General Relativity - Confusion between choosing basis (orthonormal & coordinate) and coordinate transformations I am reading the book 'Gravity' by Hartle and presently I am at the section discussing orthonormal and coordinate bases. I am confused about a few points I had read previously and can't exactly correlate with the above mentioned section.
Here the author says that at every point in spacetime I can define a basis that is orthonormal in the tangent space of that point. This would not necessarily be the coordinate basis which I would get from the line element. This would mean that the metric in the orthonormal basis becomes the flat spacetime metric at the point (from the definition of the components of the metric in terms of the dot product of basis vectors and the requirement of one timelike and three spacelike components). Now, I know that the way to locally transform the metric to the flat spacetime metric is to do a coordinate transformation on the line element that does the above, i.e to go to a local inertial frame for that point. 
My question is - Is there any correlation between a coordinate transformation that transforms my line element to that of flat spacetime in the vicinity of a point to that of choosing an orthonormal coordinate system at that point? Is the latter something similar to choosing a coordinate system where my coordinate basis would align with the orthonormal basis at the point? So, I guess my question boils down to the two definitions of the metric - one from the dot product of basis vectors and the other from the line element. Are they completely equivalent?

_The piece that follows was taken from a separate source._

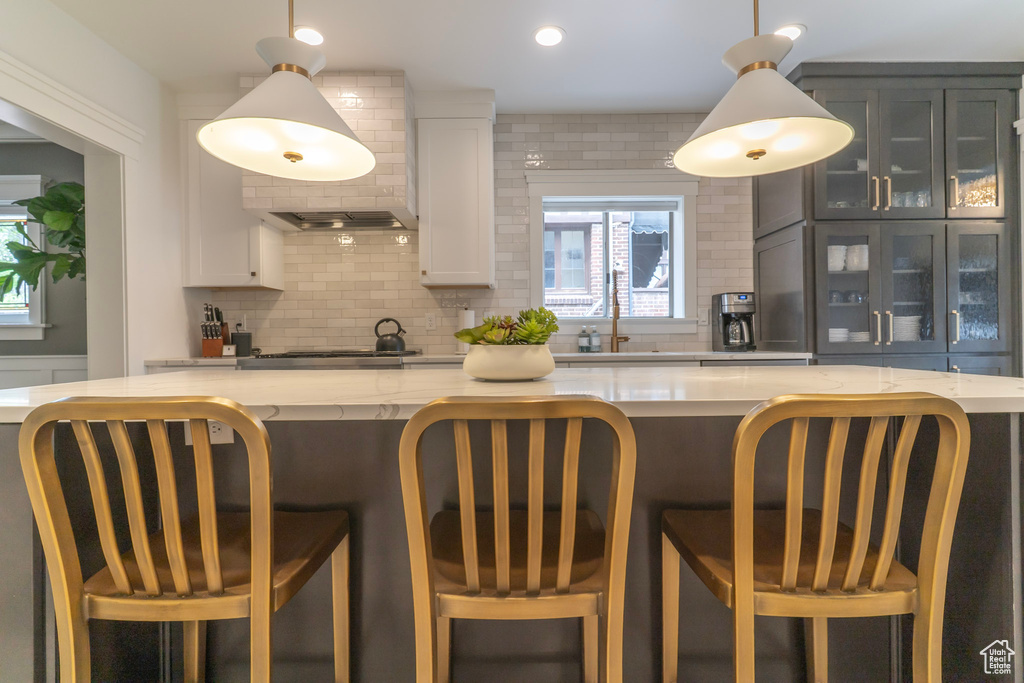 Kitchen with backsplash, white cabinets, glass insert cabinets, light stone countertops, and recessed lighting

My last question is - Is the coordinate transformation that takes me to a local inertial frame of a point unique? Can there be more than one coordinate transformations that take me to the local inertial frame of a point?  Does this mean that at every point I can choose an orthonormal basis at every point in one and only one unique way?
I am sorry for not writing equations. I am very poor with Tex. I hope I have been able to put my question clearly.
 A: First thing of note is that every frame (basis) at a single point is a coordinate frame. To see this, let $\mathrm dx^\mu$ be a coordinate cobasis, and let $x$ be a point of the manifold $M$. An arbitrary frame at $x$ can be expressed as $$ \theta^a|_x=L^a_{\ \mu}\mathrm dx^\mu|_x, $$ where $L^a_{\ \mu}$ is a constant invertible matrix. But then if we define the new coordinates $u^a=L^a_{\ \mu}x^\mu$, then $$ \mathrm du^a=L^a_{\ \mu}\mathrm dx^\mu=\theta^a, $$ where I was lazy in denoting it, but every expression is evaluated at $x\in M$.

The problem starts if one is considering frame fields, which are defined on an open domain. If $\theta^a$ is a coframe field on an open domain, then by Poincaré's lemma the necessary and sufficient condition for it to be a coordinate frame is that $\mathrm d\theta^a=\mathrm d\theta^a_\nu\wedge\mathrm dx^\nu=\partial_\mu\theta^a_\nu\mathrm dx^\mu\wedge\mathrm dx^\nu=\frac{1}{2}\left( \partial_\mu\theta^a_\nu-\partial_\nu\theta^a_\mu\right)\mathrm dx^\mu\wedge\mathrm dx^\nu=0$, which is a nontrivial integrability condition.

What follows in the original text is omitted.